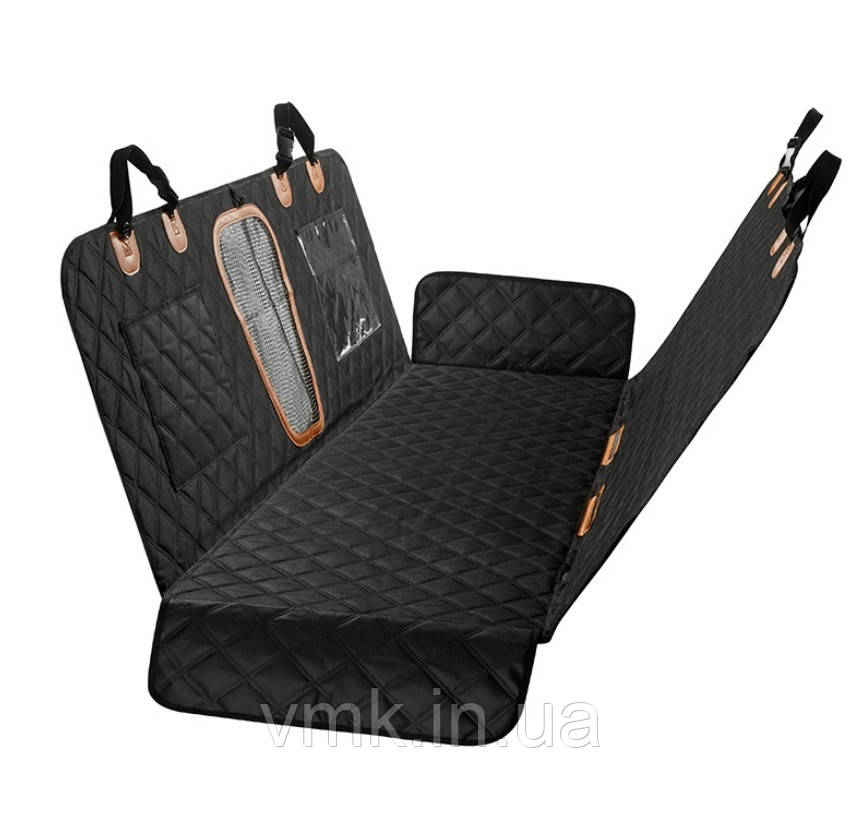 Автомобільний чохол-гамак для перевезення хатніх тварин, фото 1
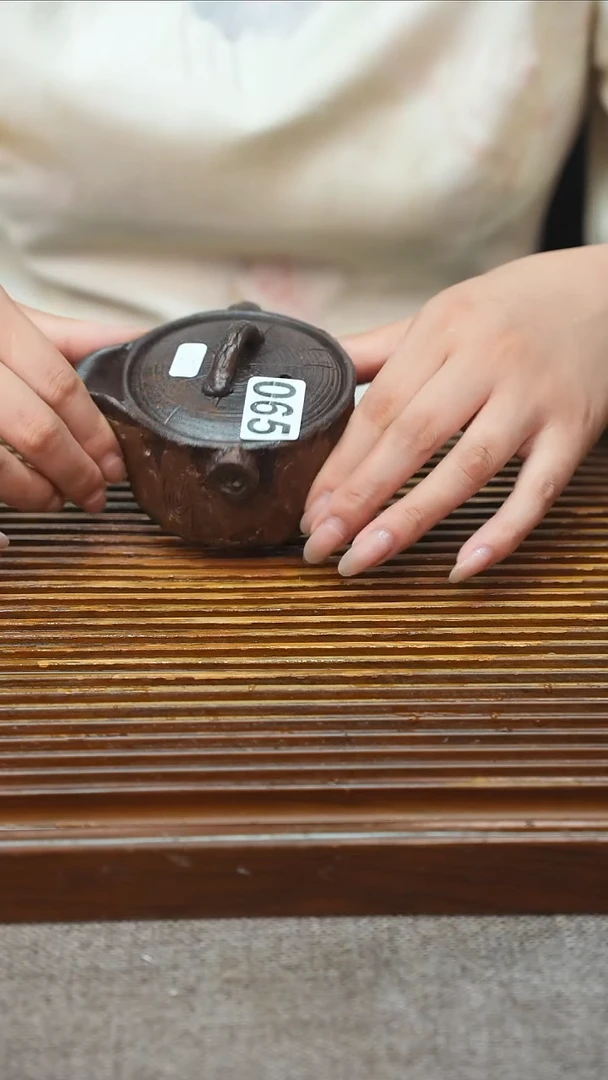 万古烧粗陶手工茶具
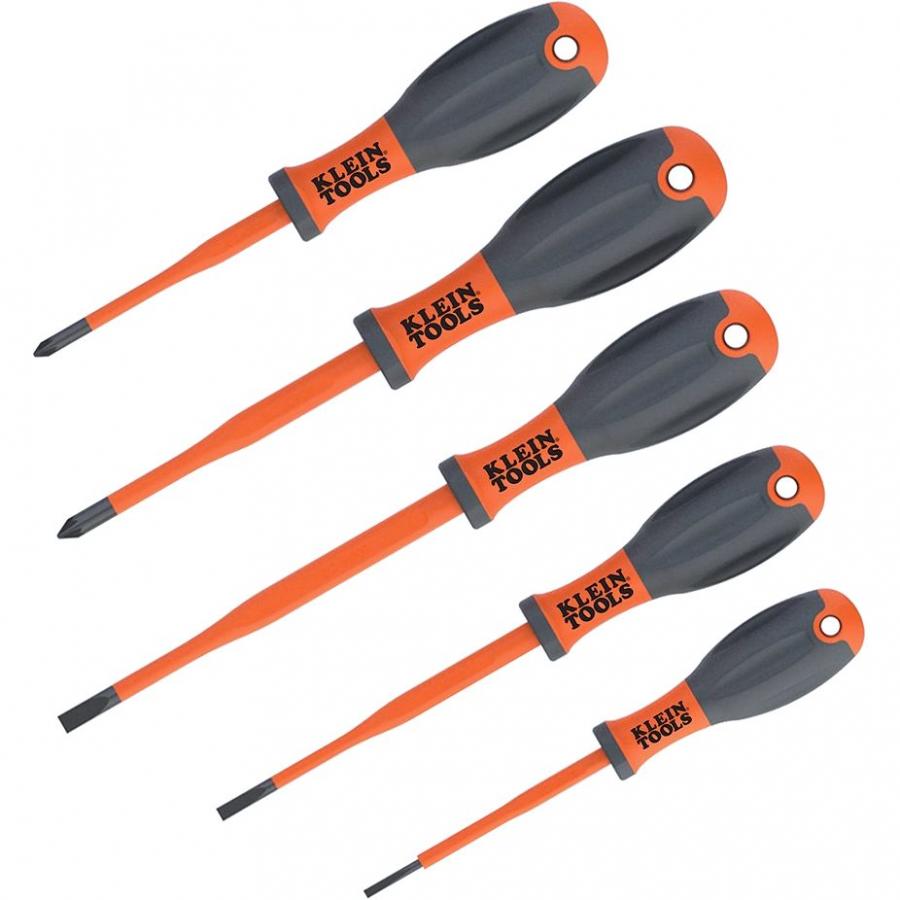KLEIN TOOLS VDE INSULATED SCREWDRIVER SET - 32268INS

-.-.-

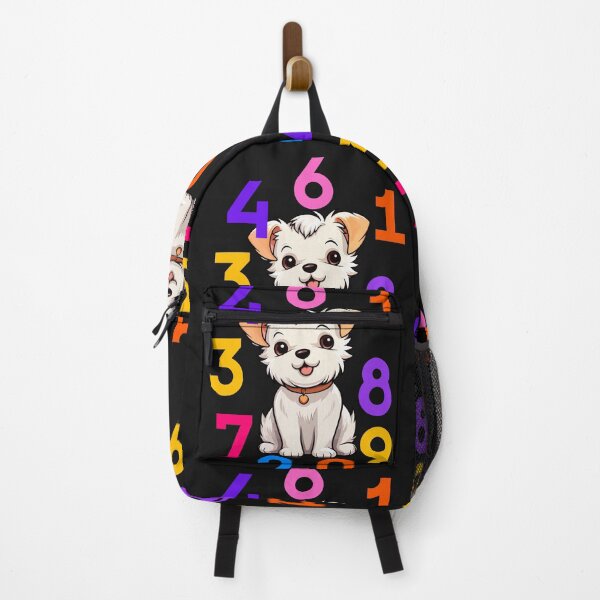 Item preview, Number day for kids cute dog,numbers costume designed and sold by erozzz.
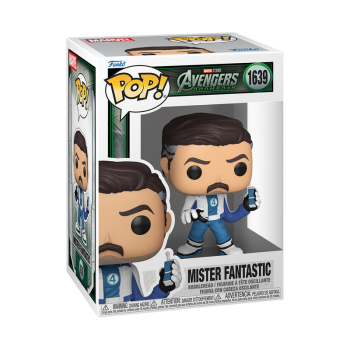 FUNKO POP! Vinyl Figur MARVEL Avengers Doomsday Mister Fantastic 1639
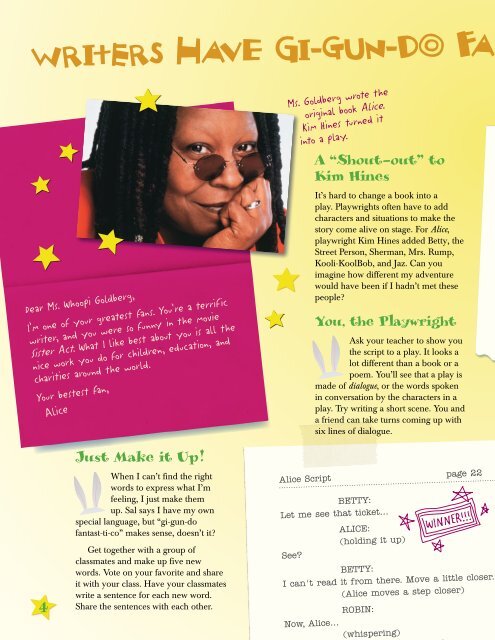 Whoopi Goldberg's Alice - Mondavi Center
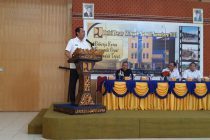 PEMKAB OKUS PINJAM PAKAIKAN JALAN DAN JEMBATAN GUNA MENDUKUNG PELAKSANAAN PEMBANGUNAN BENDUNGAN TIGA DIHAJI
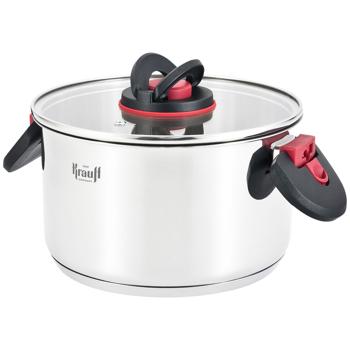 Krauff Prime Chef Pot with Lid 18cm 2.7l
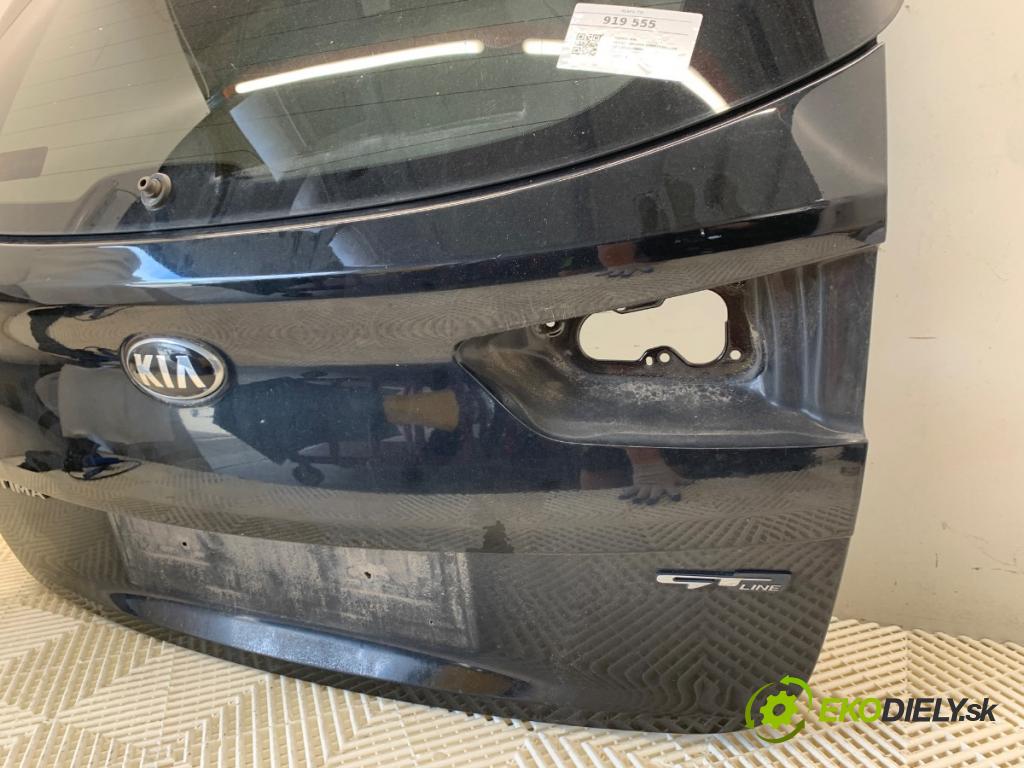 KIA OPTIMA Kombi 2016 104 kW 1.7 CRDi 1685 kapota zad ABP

-.-.-

■ DIRECTIONS FOR THIS TASK ■
Give again the stretch of lines above from the one with "FUNKO POP! Vinyl" through the one with "KIA OPTIMA Kombi", both ends kept, and copy no pictures.

■ OUTPUT OF THE TASK ■
 FUNKO POP! Vinyl Figur MARVEL Avengers Doomsday Mister Fantastic 1639
 Whoopi Goldberg's Alice - Mondavi Center
 PEMKAB OKUS PINJAM PAKAIKAN JALAN DAN JEMBATAN GUNA MENDUKUNG PELAKSANAAN PEMBANGUNAN BENDUNGAN TIGA DIHAJI
 Krauff Prime Chef Pot with Lid 18cm 2.7l
 KIA OPTIMA Kombi 2016 104 kW 1.7 CRDi 1685 kapota zad ABP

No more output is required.